John Podesta “could have gone into a bunker and vanished, but instead he dedicated himself to fighting this,” said Faiz Shakir, who worked for him at the Center for American Progress and serves with him on the board of Democracy Forward. “He is very driven by exacting some measure of justice for the unscrupulous form of politics that was utilized against him and his side,” said Mr. Shakir, who considers Mr. Podesta a mentor.
Both brothers declined interview requests through their representatives. But John Podesta provided a written response to a question about whether he saw it as tragic — or at least ironic — that the Russia investigation for which he has been advocating has ensnared his brother.
“The only tragedy is that Donald Trump is president and got there with the Russians’ help,” he said. “That’s a tragedy for the American people.”
For both John and Tony Podesta, the connections with Democratic politics began at an early age. In 1970, they worked together on the Rev. Joseph D. Duffey’s antiwar Senate campaign in Connecticut, for which Tony Podesta served as a top official, and his younger brother — as well as Bill and Hillary Clinton — were volunteers.
Over the next 23 years, the brothers’ paths intertwined. They wove in and out of campaigns and car-pooled together to Georgetown University’s law school, from which they both earned degrees in 1976. Tony Podesta joined the United States attorney’s office in Washington, while John Podesta went to work at the Justice Department.
After a few years, the brothers left those jobs — John Podesta joining the Democratic staff of the Senate Judiciary Committee, and Tony Podesta becoming the founding president of the liberal advocacy group People for the American Way.
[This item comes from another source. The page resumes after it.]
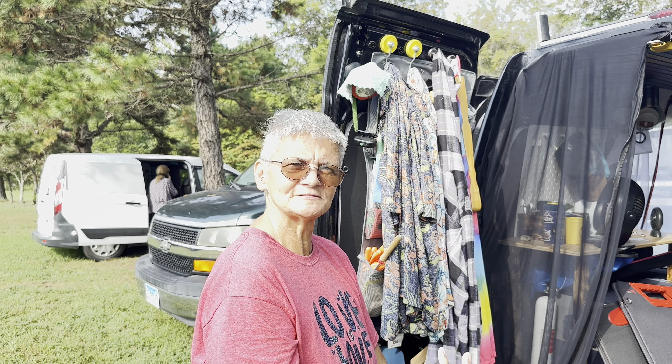I have a summer oasis that I stay at, but I still travel two or three days during the week.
In 1987, the brothers teamed up to create a lobbying and public relations firm called Podesta Associates, which was seen as having a liberal bearing, representing a mix of public interest groups and media companies and associations. But after Mr. Clinton won the presidency in 1992 — a campaign for which both Podestas worked — the brothers’ paths diverged once and for all. John Podesta took a job in the White House and divested his stake in the firm, which Tony Podesta pointed in a less ideological direction.
By President Obama’s second year in office, domestic lobbying revenues for the Podesta Group had risen to more than $29 million, buoyed in part by the perception of access to the new administration.
The brothers remained close, even as their lifestyles took different paths.
Tony Podesta moved into a 7,000-square-foot house in Washington’s exclusive Kalorama neighborhood, which he had bought for $3.9 million in addition to his homes in Australia and Venice. After three years of renovations, he turned it into a fund-raising hot spot with a
modern art collection and a wine cellar with
thousands of bottles. His divorce from his second wife, 26 years his junior, was widely chronicled in Washington.
John Podesta, who remains married to the mother of his three children, lives in a relatively modest house near American University in Northwest Washington, where his clan makes a habit of getting together for home cooked pasta.
In the end, said Lanny Davis, who has known both Podestas since the Duffey campaign, the brothers have much in common.
“Tony Podesta may have clients that are way to the right of him in politics,” he said, “but neither John nor Tony Podesta, no matter who their clients are, have withdrawn one inch from being liberal Democrats with progressive values.”